:: Exercise details ::
Here is the task for the records below: repeat exactly the lines from the one with "The MCW100H has" to the one with "Hi guys, welcome", both included, and nothing else.

:: Data for processing ::
--- START ---

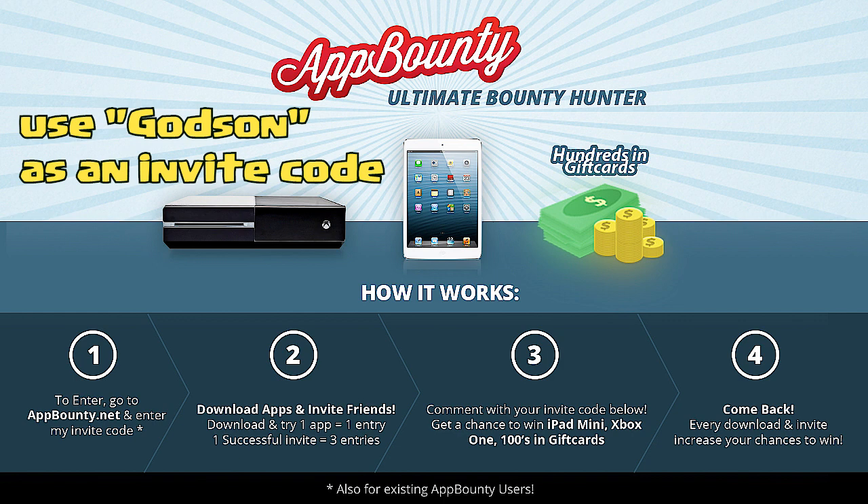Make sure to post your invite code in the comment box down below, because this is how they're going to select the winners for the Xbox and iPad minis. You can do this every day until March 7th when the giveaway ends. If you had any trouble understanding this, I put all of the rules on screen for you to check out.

--- END ---
--- START ---

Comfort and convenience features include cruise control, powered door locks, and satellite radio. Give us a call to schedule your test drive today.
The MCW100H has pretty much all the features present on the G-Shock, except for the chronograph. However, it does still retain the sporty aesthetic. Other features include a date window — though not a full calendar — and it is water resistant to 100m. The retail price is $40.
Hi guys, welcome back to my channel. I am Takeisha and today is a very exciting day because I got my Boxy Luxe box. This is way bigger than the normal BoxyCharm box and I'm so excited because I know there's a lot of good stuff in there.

--- END ---

:: Reply ::
The MCW100H has pretty much all the features present on the G-Shock, except for the chronograph. However, it does still retain the sporty aesthetic. Other features include a date window — though not a full calendar — and it is water resistant to 100m. The retail price is $40.
Hi guys, welcome back to my channel. I am Takeisha and today is a very exciting day because I got my Boxy Luxe box. This is way bigger than the normal BoxyCharm box and I'm so excited because I know there's a lot of good stuff in there.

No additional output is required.